Critiquées depuis des années, en particulier en Flandre, où existe un fort courant nationaliste et républicain, les sommes attribuées au monarque et à sa famille viennent d'être revues à la baisse, dans la foulée de l'abdication d'Albert II au profit de son fils Philippe en juillet dernier.

Pendant ses vingt années de règne, d'août 1993 à juillet 2013, Albert II percevait une «liste civile» de 11,5 millions d'euros pour couvrir son «salaires» et les frais liés à ses fonctions et à ses résidences.

Depuis qu'il a passé la main à Philippe, le 21 juillet, l'ancien souverain ne perçoit plus qu'une «dotation» annuelle de 923 000 euros bruts, la même somme que touchait Philippe lorsqu'il était prince héritier.
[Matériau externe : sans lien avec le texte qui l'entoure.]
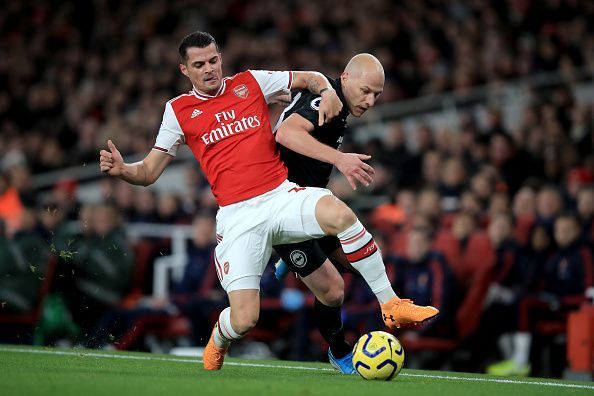 Granit Xhaka.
En outre, tous les membres de la famille royale sont à présent soumis à l'impôt sur la partie «traitement» de leur dotation et doivent payer la TVA sur leurs achats. Pour Albert II, ces dispositions équivalent à une rentrée annuelle de quelque 700 000 euros nets, puisée dans les deniers de l'État.

Mais l'ancien souverain de 79 ans, bien qu'il bénéficie toujours d'une équipe de 10 collaborateurs et de gardes du corps, «se plaint amèrement de sa dotation», a révélé jeudi la spécialiste de la monarchie belge du quotidien Le Soir.

«Pas le moral»

Albert II «dit qu'il n'a pas été traité comme il l'espérait et que cela le met dans les difficultés», a indiqué une source anonyme citée par le journal. Qui rappelle que l'ancienne reine des Pays-Bas, Béatrix, qui a elle aussi abdiqué, s'est vu octroyer une dotation de 1,4 million d'euros par an, non imposés.

Certains «proches» de l'ancien roi, face au «mauvais moral du roi et à ses récriminations financières», ont tenté depuis l'été de «trouver des solutions pour augmenter indirectement ses revenus», ajoute le quotidien.

Parmi les pistes envisagées figurent le financement par l'État des dépenses d'entretien du château du Belvédère, à Bruxelles, la résidence de l'ex-chef de l'État. Ou encore la prise en charge par la Marine des frais de carburant de son luxueux yacht à moteurs, l'Alpa, d'une valeur estimée à 4,6 millions d'euros, qui est immatriculé comme bâtiment militaire.

L'ex-roi se serait ensuite lui-même ouvert de ses «problèmes» auprès de membres du gouvernement, selon Le Soir. Interrogé par l'AFP, le Palais n'a pas souhaité faire de déclaration.

Interpellé en séance publique de la Chambre jeudi après-midi, le premier ministre Elio Di Rupo a défendu les réformes mises en place ces derniers mois, qui font selon lui de la monarchie belge «l'une des plus modernes et transparentes».

«Le gouvernement n'a pas l'intention, de façon directe ou indirecte, de changer quoi que ce soit à cette réforme importante», a déclaré M. Di Rupo, avant d'insister: «Le gouvernement ne compte pas y changer une virgule».

Perte de crédit

Des députés flamands de l'opposition se sont montrés particulièrement ironiques, soulignant notamment qu'Albert II était propriétaire d'une villa sur la Côte d'Azur, d'un appartement à Rome et d'un logement au coeur de Paris.

«C'est fini cette commedia dell'arte, ce théâtre de marionnette le plus subventionné du pays», a lancé le député républicain flamand Jean-Marie Dedecker.

Plus mesuré, l'élu socialiste francophone Christophe Lacroix a néanmoins estimé que «le XXIe siècle n'est plus le siècle des privilèges» et que la monarchie devait «être en phase avec la réalité et mieux mesurer les difficultés vécues par les gens de ce pays».

Les démarches d'Albert II sont «déplacées», «extrêmement maladroites et aussi très égoïstes», estimait Le Soir dans un éditorial, en soulignant qu'à chaque fois que les finances de la famille royale ont fait polémiques, «la monarchie belge a perdu en crédit et en prérogatives».